Each line of the records that follow must come back exactly, with pictures skipped.

(Image-text web data)
....

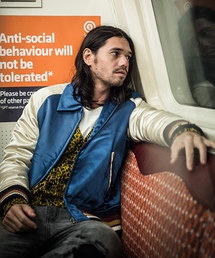 glamb | Acton JKT(その他アウター)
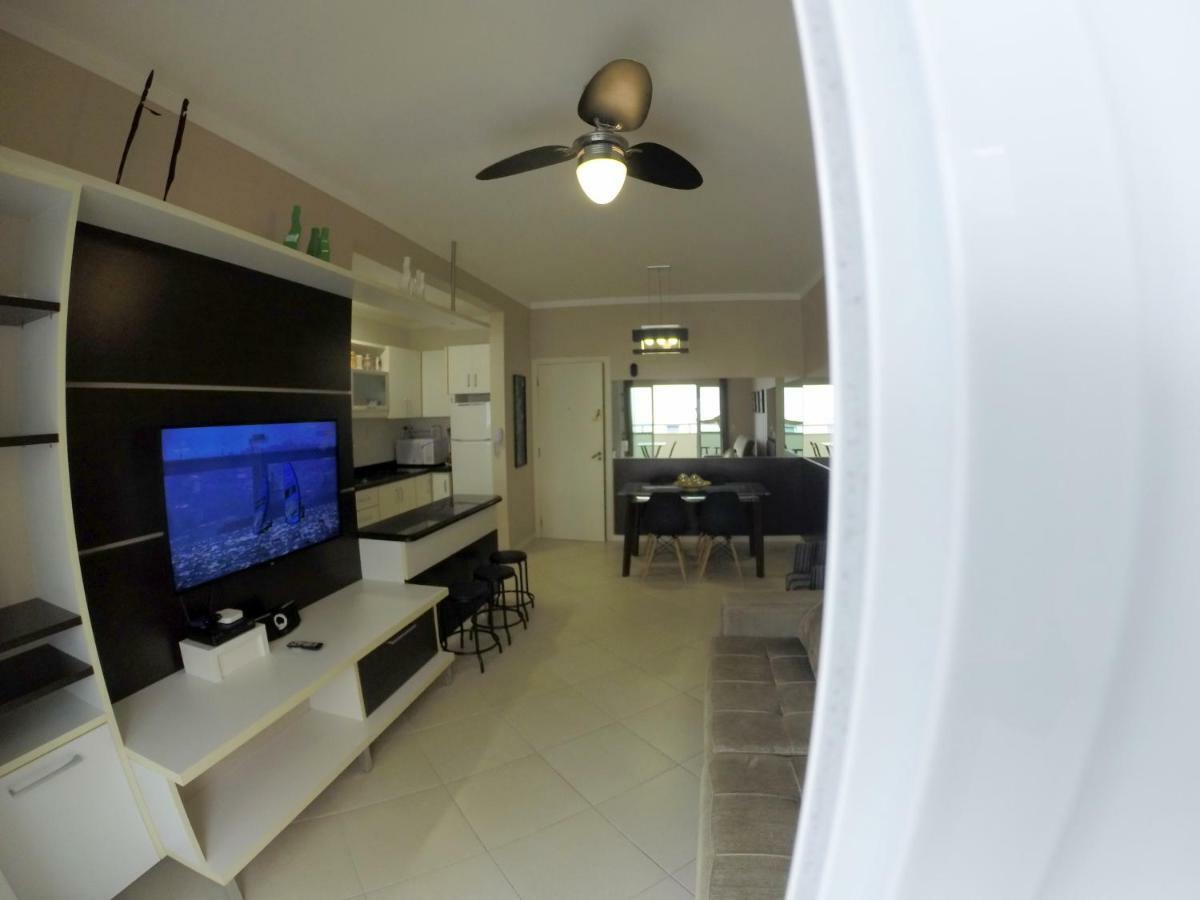 FlorianópolisApartamento Canasvieiras公寓 外观 照片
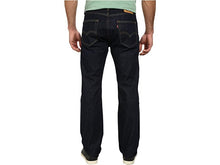 Load image into Gallery viewer, Men’s Levi 505 Regular Fit Jeans Dark Wash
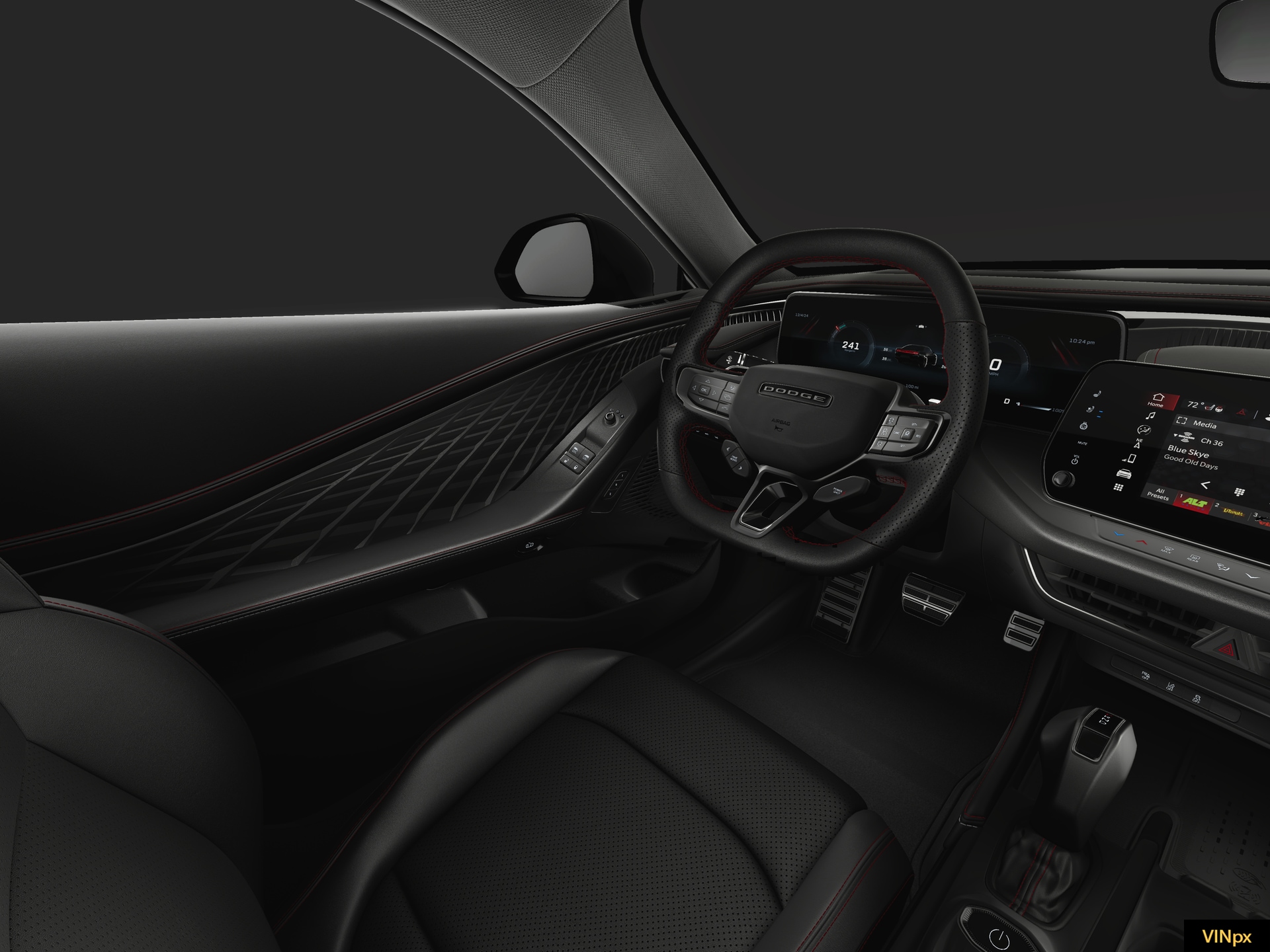 2025 Dodge Charger Daytona R/T - Photo 20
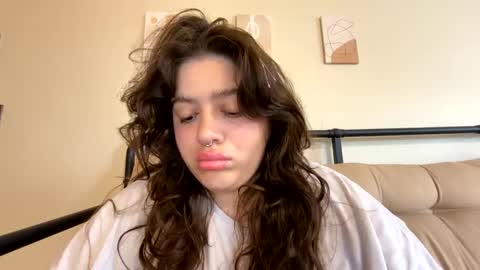 princessviccxo online show from October 6, 9:12 pm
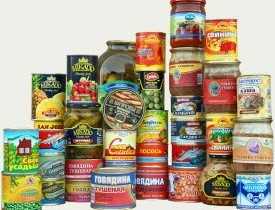 Certificate in Food Canning Business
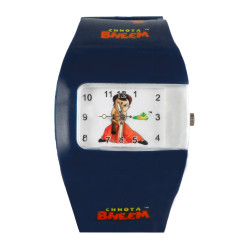 Chhota Bheem Analog Kids-Boys Blue Watch Chhota Bheem Analog Kids-Boys Blue Watch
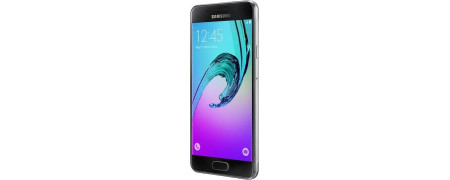 Galaxy A3 2016 (A310F)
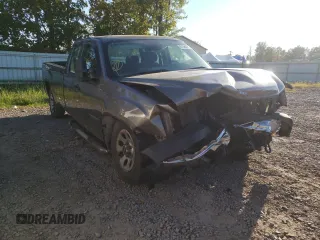 2012 GMC Sierra 1500 with VIN 1GTR2TE01CZ333500, listed as a Copart auction lot 61386072 with Not Provided miles and Salvage Title. Bid and sale history available at DreamBid. Image 1.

....

THE ANSWER |
 glamb | Acton JKT(その他アウター)
 FlorianópolisApartamento Canasvieiras公寓 外观 照片
 Load image into Gallery viewer, Men’s Levi 505 Regular Fit Jeans Dark Wash
 2025 Dodge Charger Daytona R/T - Photo 20
 princessviccxo online show from October 6, 9:12 pm
 Certificate in Food Canning Business
 Chhota Bheem Analog Kids-Boys Blue Watch Chhota Bheem Analog Kids-Boys Blue Watch
 Galaxy A3 2016 (A310F)
 2012 GMC Sierra 1500 with VIN 1GTR2TE01CZ333500, listed as a Copart auction lot 61386072 with Not Provided miles and Salvage Title. Bid and sale history available at DreamBid. Image 1.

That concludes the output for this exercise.